Rocket Boy and the Geek Girls Anthology Book Review

This anthology was edited by Phyllis Irene Bradford. It is filled with a variety of science fiction: stories of space, technology, aliens and humanity. Most of the stories are thought provoking, action filled, humourous and have something for every reader. This anthology was a nice return into the science fiction genre. The majority of the stories within have been previously published in magazines and anthologies such as The Magazine of Fantasy & Science Fiction, Speculative Inflights Magazine, Women at War, Analog Science Fiction & Fact, The Future We Wish We Had, Dinosaur Fantastic, American Journal of Australian Literature,  and Helix Magazine. Each of the stories is accompanied by a brief description about the author and their writing.

The genres covered are space opera, sci fi, fantasy, and futuristic.

18 stories

Of the eighteen stories I managed to read tje first two sections finding most of them quite interesting. Unfortunately I found the PDF format produced eye strain after reading one or two stories which resulted in a slower reading schedule.

Space stories

      Emancipation by Pati Nagle, 1996, The Williamson Effect

An old ritual on an asteroid that separates day from night is changed so that day is to be forever. Manuel, keeper of the Night, finds a way to restore the darkness through a compromise.

Rocket Boy on Call by Pati Nagle

Rocket Boy is a futuristic skip tracer who has romantic ideas about his case assigner.

Blindsided by Venus in the House of Mars by Nancy Jane Moore

Lia Bukanan arrives at the Galatea Station, with biodome regulated climate, after working as temp crew on a ship needing a vacation. After a bar fight, Lia hooks up with a “captain” with his own starship. Who turns out to be a bounty hunter.

Sitting Shiva by Judith Tarr

A peacekeeping machine that didn’t grab my interest. Perhaps it will for another reader.

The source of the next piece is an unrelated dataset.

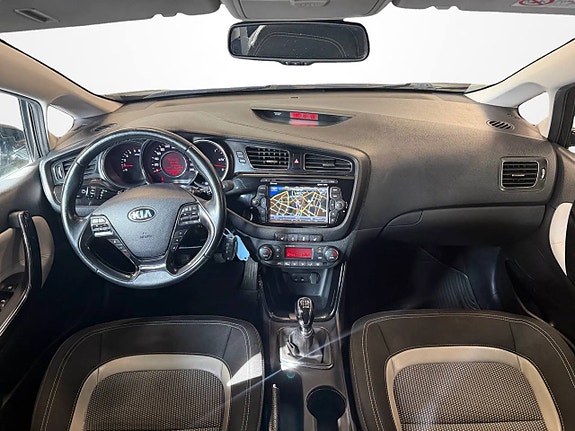 Kia Ceed 9 of 12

Kinds of Strangers by Sarah Zettel

A starship, the Forty-Niner, returning to Earth from a successful tour of the asteroid belt is losing its crew while their expert intelligence computer is malfunctioning. Or is it? A great line was, “A little red sphere drifted out toward her face.” Ms Zettel reveals insight into space travel and its inherent perils.

Technology stories

Alien Voices by P. R. Frost

A ballet artist takes a chance with a risky surgery, and learns during therapy that the implanted nanobots replicate themselves and heal any new injuries. The nanobots develop an appreciation for ballet.

Aberlard’s Kiss by Madeleine E Robins

A woman has a bioengineering firm make her a man who she introduces to a friend.

Perfect Stranger by Amy Stirling Casel

A young boy has gene therapy to heal a defective heart.
 Revenants by Judith Tarr

A creepy yet intriguing story about a woman taking her child to the revenants zoo setting with dinosaurs.

Alien stories

Its Own Reward by Katherine Kerr

 Your First by C L Anderson

 Gray to Black by Brenda W Clough

Slick by Brenda Kelso

Ask Arlen by Maya Kaathryn Bohnhoff

Humanity stories

 Steelcollar Worker by Vonda N McIntyre

A Mighty Fortress by Brenda W Clough

Who Killed Science Fiction by Jennifer Stevenson
 Rocket Boy and the Geek Girls by Irene Radford

The review copy was provided by Sue Lange.

Book Format: ebook PDF 406 pages 
Publisher:  Book View Press http://www.bookviewpress.com/


RuneE said...

It should be interesting, but for some reason I seem to have lost interest in SF (or most non-fiction). Nowadays it is mostly popular science (at present a biography of Albert Einstein).

PS Continued good luck with your eyes!

Anonymous said...

Just popping by the see how your are getting on with your eye problems and wondering if you have been on your summer vacation by now. Best wishes to you Barbara.